RiskDetector - Optimaize

The Risk Detector flags various types of possibly fake and dummy data in person records.

Live Demo

Risk Detector

Examples by culture:

Examples:

How it works

The methods used to classify input data are:

Positive validation

by entity and data type.

Person’s name: does it parse (parse tree validation), term and culture confidence consideration.

Physical address: does it parse (parse tree validation), can we confirm the existence of the parts, can we geocode it. For example does the street address exist within the given postal code and place name.

Telephone number: does it parse correctly into a number for that place, does the area code exist.

Email address: syntax validation, does the domain name exist, are there MX records and do they respond (is mail set up for that domain). Known formats per domain name, domain classification into risk scores.

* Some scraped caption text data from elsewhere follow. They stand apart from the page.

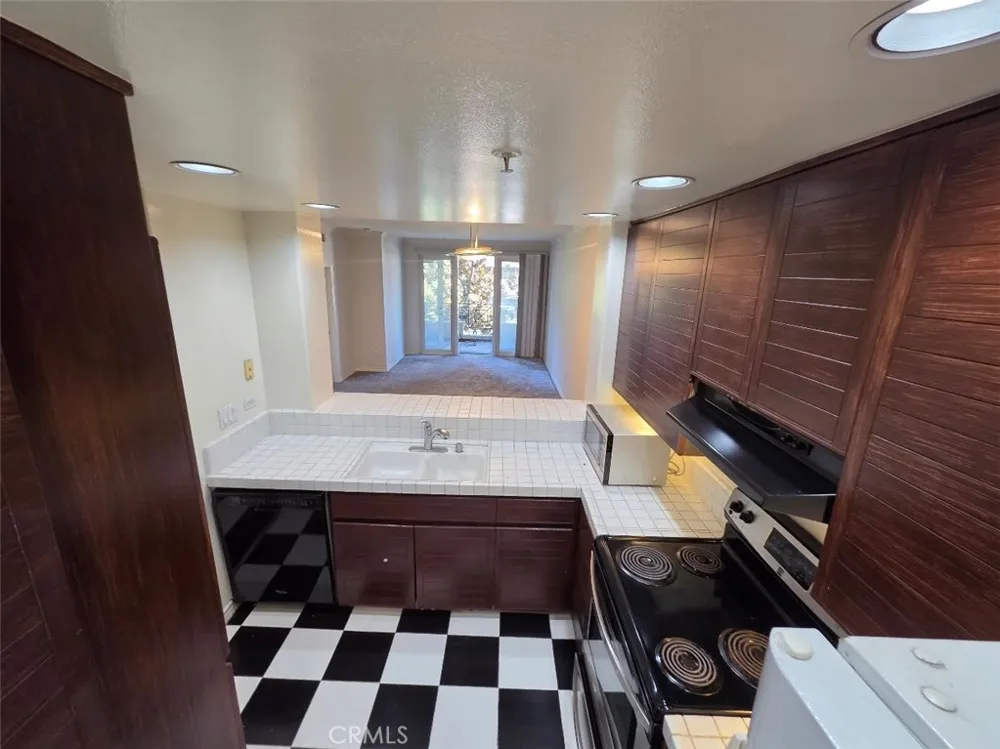 2253 Martin #212 Irvine, CA 92612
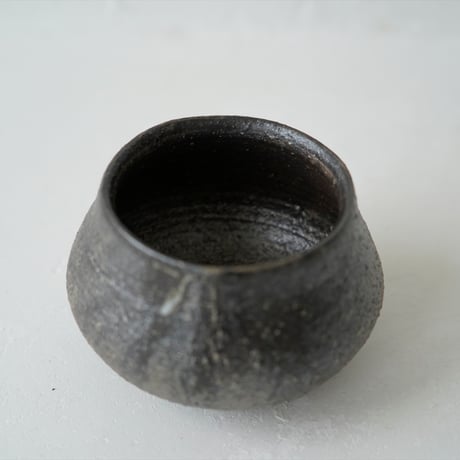 馬場勝文　4-B　荒土　しおげ茶碗  　大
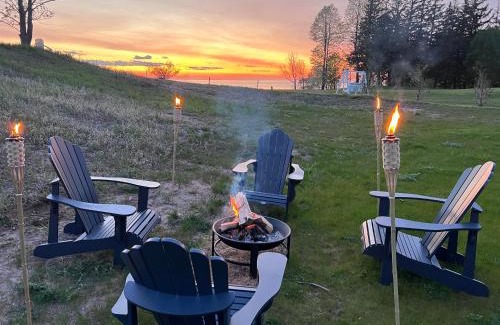 Ludington House | Brand New 5-Bedroom Lake Michigan Home + Hot Tub!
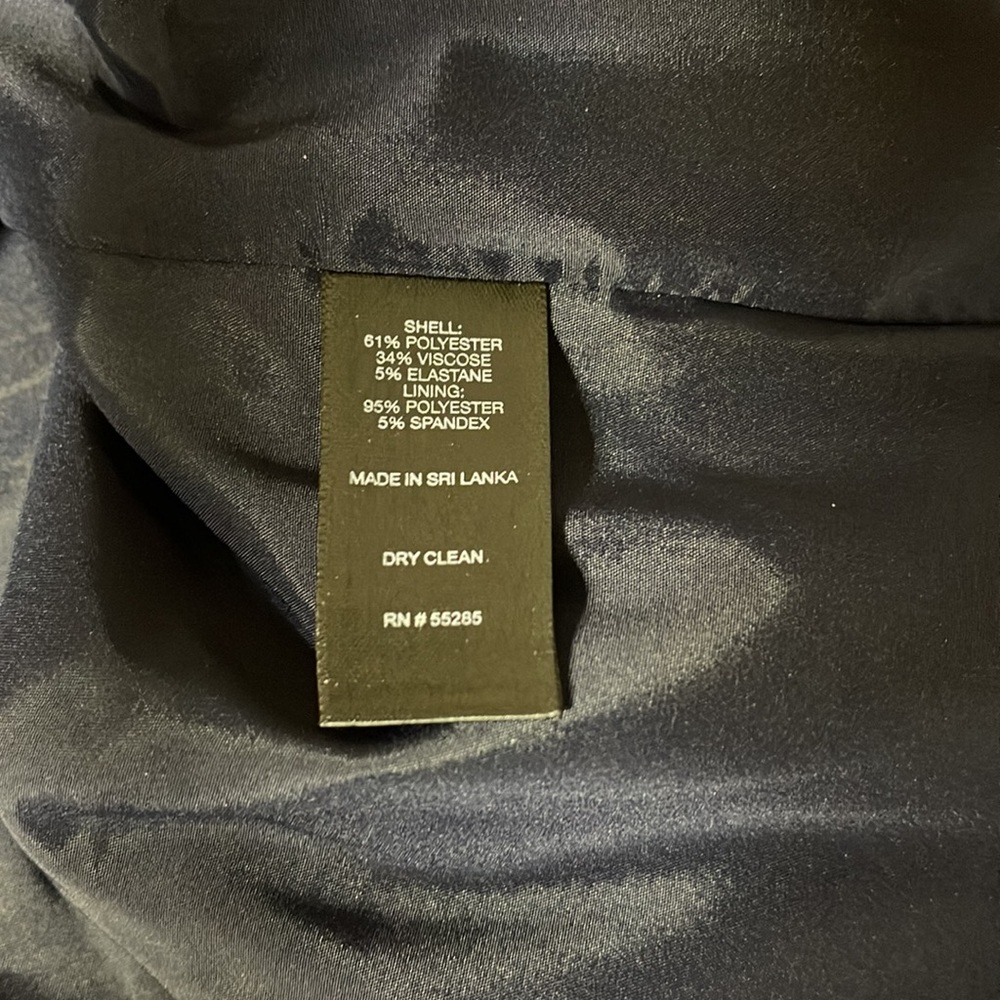 Express Suit - Picture 11 of 11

There are more datatype specific validators, such as country-specific social security numbers, personal IDs, company registration numbers, IBAN, and many more.

Negative checks

by entity and data type.

AI neural network trained on classified good and bad data.
Dictionary lookups for manually categorized terms.
Rule-based computations, for random typing input and other nonsense.

Types of invalid input

Random typing. Example “asdf asdf”
Placeholders entities, examples “John Doe”, “Anytown”
Famous and fictional entities, examples “James Bond”, “Barak Obama”
Humorous, invalid, vulgar input. Examples: “Sandy Beach”, “Timbuckthree”, “None of your business”, “firstname lastname”, “test1 test2”

DisguiseD input

Such mangled input is used to circumvent machine processing, such as a credit check.

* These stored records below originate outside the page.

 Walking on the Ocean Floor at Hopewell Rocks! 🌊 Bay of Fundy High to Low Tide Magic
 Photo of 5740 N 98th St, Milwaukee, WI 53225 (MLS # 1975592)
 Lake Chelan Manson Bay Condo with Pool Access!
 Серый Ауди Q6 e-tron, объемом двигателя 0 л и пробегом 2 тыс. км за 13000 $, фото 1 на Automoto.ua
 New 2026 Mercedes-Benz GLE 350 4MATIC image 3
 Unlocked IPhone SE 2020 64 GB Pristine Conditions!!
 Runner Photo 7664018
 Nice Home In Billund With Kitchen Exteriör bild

Padding, adding content to the left/right of a value. Example: “XXXJohnXXX“
Stutter typing, example: “Petttttttttterson“
Spaced typing, example: “P e t e r M i l l e r“

Input/Output

The Risk Detector uses the common Ontology as input objects to its REST API. This allows the integrator to send anything from single fields to complete records.

Possible input values are the person’s name, telephone numbers and email addresses, and physical addresses. The API is flexible in how the data is fed, for example the name can come in as a single string “full name” or separated into specific name fields.

The output contains an overall risk score in the range -1 to +1, plus detailed information about every detected risk.

A score > 0 means there’s a risk. Zero is the neutral value; nothing bad detected yet there’s nothing good either. A negative value means that the record does look genuine.